“We don’t want to make any trouble or put anyone at risk,” Prentiss said.
The run starts and ends at Sweet Williams Garden Center, 141 Pine St. The run goes clockwise around the roads in the summer and counterclockwise in the winter, so runners go against the traffic and are more visible. The run travels on Pine, Holten, Centre, Hobart, Charter, Elm, and back to Holten and Pine streets.
Prentiss is exploring the possibility of using a portion of the Danvers Rail Trail for the course, to avoid the difficult intersection of Pine and Holten streets in the vicinity of the busy McKinnon’s Market and a gas station.
While it’s not a formal event that requires sign-ups, the run has a website, danvers5K.com, and tracks runners’ times. Its Facebook page has 727 likes. The Dec. 26 run drew 44 participants. Last week’s run drew 62, Prentiss said.
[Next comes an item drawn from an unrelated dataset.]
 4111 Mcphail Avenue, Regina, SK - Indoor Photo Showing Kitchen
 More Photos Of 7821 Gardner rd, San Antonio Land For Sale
“I never know what to expect,” Prentiss said of who might show up.
While runners are never asked for money, from time to time, they are asked to bring nonperishable food donations for local food pantries. Local merchants like chiropractors and massage therapists are also asked to come to the runs as a way to support local businesses.
“We’ve had people from all over the country,” Prentiss said. “We’ve had people from other countries come here.” The pack includes some top 100 finishers in the Boston Marathon who use it for training.
Selectman Mike Powers said that even though the run is not a formal event, it may give runners the mindset they can run with some impunity down the street. Powers said he once had to swing his car around runners. However, he likes the idea of the run and wants to see it continue, so he urged Prentiss to keep runners safe.